I consider myself a good programmer. I'm best at Perl, though I've programmed Java, various shells, JavaScript, PHP, and VBScript for money and C and C++ on a handful of free software projects. That doesn't count being able to read and evaluate examples in other languages such as Python, Ruby, and occasionally Smalltalk, playing with several varieties of BASIC in the '80s for learning purposes, dabbling in a few assembly languages, and reading some slightly more esoteric stuff 'cuz it's interesting.

Still, faced with a problem, I reach for Perl or, in small doses, the shell.
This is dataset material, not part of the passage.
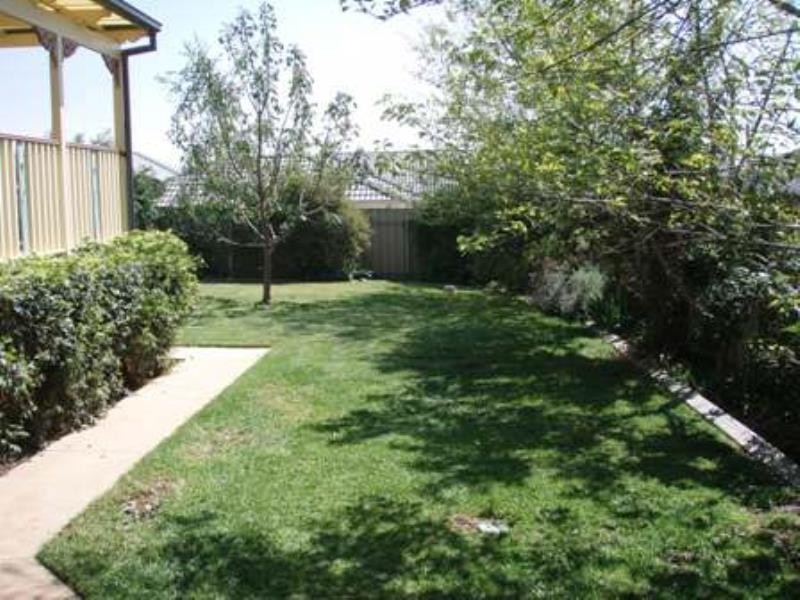 19 Cowan Place, Lloyd NSW 2650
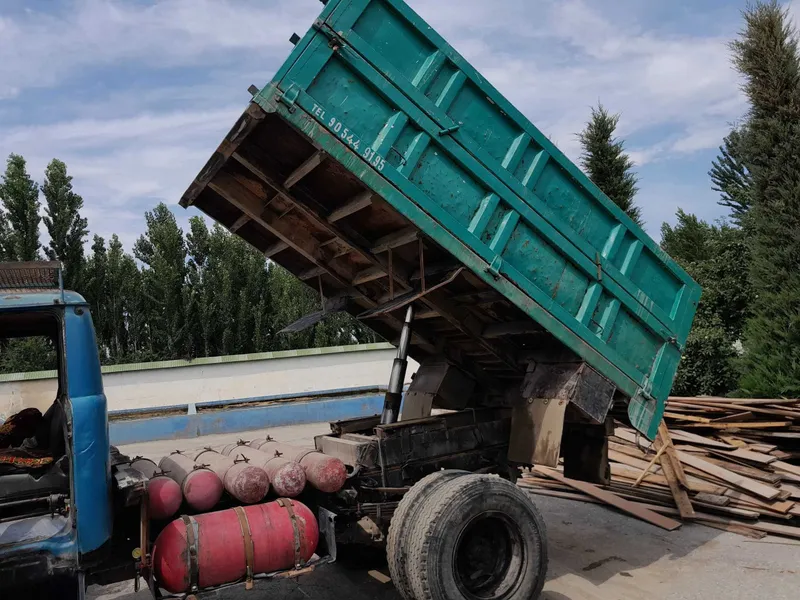 Zil 1991 yil Xolati yaxshi sotiladi 8000 kami bor 7 Zil 1991 yil Xolati yaxshi sotiladi 8000 kami bor 7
Having too much time on my hands, as it would seem, I find myself maintaining a large chunk of XS code. XS itself isn't too bad. It's not pretty, but if you don't need complex wrappers (and if someone's already written your typemap), it's fairly sane.

I've never liked the compile and link cycle in C, though. Getting the include paths correct in the right order is always a chore, for some reason. When that finally works, getting the library paths right is just as difficult.

With XS, you also have to make DynaLoader happy. All I can say is, "I hope I'm doing this wrong, because if I'm doing it correctly, yuck!"

Oh, and the problem I haven't quite solved is how to produce several individual shared libraries from one distribution. Recursive makefiles? No thank you. I'd really love to be able to do this from Module::Build, as MakeMaker while venerable and a very important part of the process, historically speaking is just... well, I'd almost rather make users write XML to configure the build. Almost.

Nevertheless, I present to you SDL Perl Snapshots. The only one there right now is SDL::OpenGL, but it compiles, links, and passes the tests on Linux PPC. It doesn't autodetect include paths, which is likely the next step, and the test suite does little more than check that it loads and defines at least one interesting constant.

They pass, though, which is more than I had yesterday. That's progress and I'll take it.